A maior atenção às crônicas possibilitou reavaliar outra polêmica do passado que não via em Machado suficiente cor local ou interesse pelas paisagens cariocas. As crônicas parecem tê-lo reabilitado ao menos em termos de paisagem sociológica e retrato de época, com vários autores ressaltando nelas a pintura de tipos sociais, além do mero comentário do fait-divers da imprensa carioca.

Ainda na questão do gênero literário, quando se trata de discutir os conteúdos dos romances, não há assunto mais debatido do que o da suposta traição de Capitu em “Dom Casmurro” (1899). Enquanto alguns autores, convencidos pela argumentação da crítica norte-americana Helen Caldwell, já falavam dubitativamente dela, outros indignavam-se com a hipótese, jamais levantada em vida de Machado, e que, ao desfazer a traição, ainda fazia enlouquecer Bentinho.

Em relação à filosofia da obra, os críticos também divergiam. No início, a maioria fazia sobressair a faceta psicológica dos romances, que trariam análises agudas do caráter humano, mas se dividia no tocante à aptidão de Machado para aprofundar-se nas personagens femininas: uns achando que não, pois não era homem com experiência no assunto; outros assegurando que sim, pois as pintava com especial sutileza e perversidade.

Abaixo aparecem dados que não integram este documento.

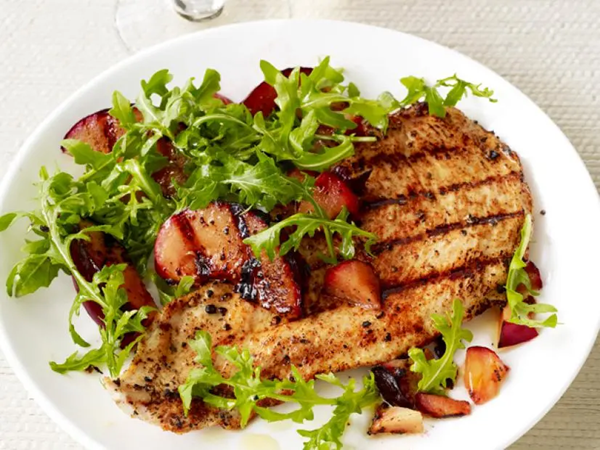 Grilled turkey with plum salad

Havia autores, entretanto, que liam Machado numa chave sociológica, apontando nele um retrato completo do Segundo Reinado (1840-1889) e a crítica consequente de seus tipos mais miúdos, banais ou ridículos.

No entanto, seja como representante do romance realista, naturalista ou psicológico, Machado é descrito muitas vezes como “filósofo” pessimista que, armado de um ceticismo irônico, de um humor à inglesa, decreta a derrota do homem, incapaz de erguer a cabeça acima das lamas conjunturais ou das misérias congênitas.

Também na interpretação dessa filosofia irônica e desenganada, muitas vezes associada à influência de Sterne, Swift e Schopenhauer, não faltaram polêmicas. Alguns viam nela uma posição original, crítica e legítima diante das monstruosidades do tempo e da fortuna; outros, apenas uma resignação conservadora, que livrava Machado da obrigação moral de se posicionar e de eventualmente arriscar o cargo e o pescoço.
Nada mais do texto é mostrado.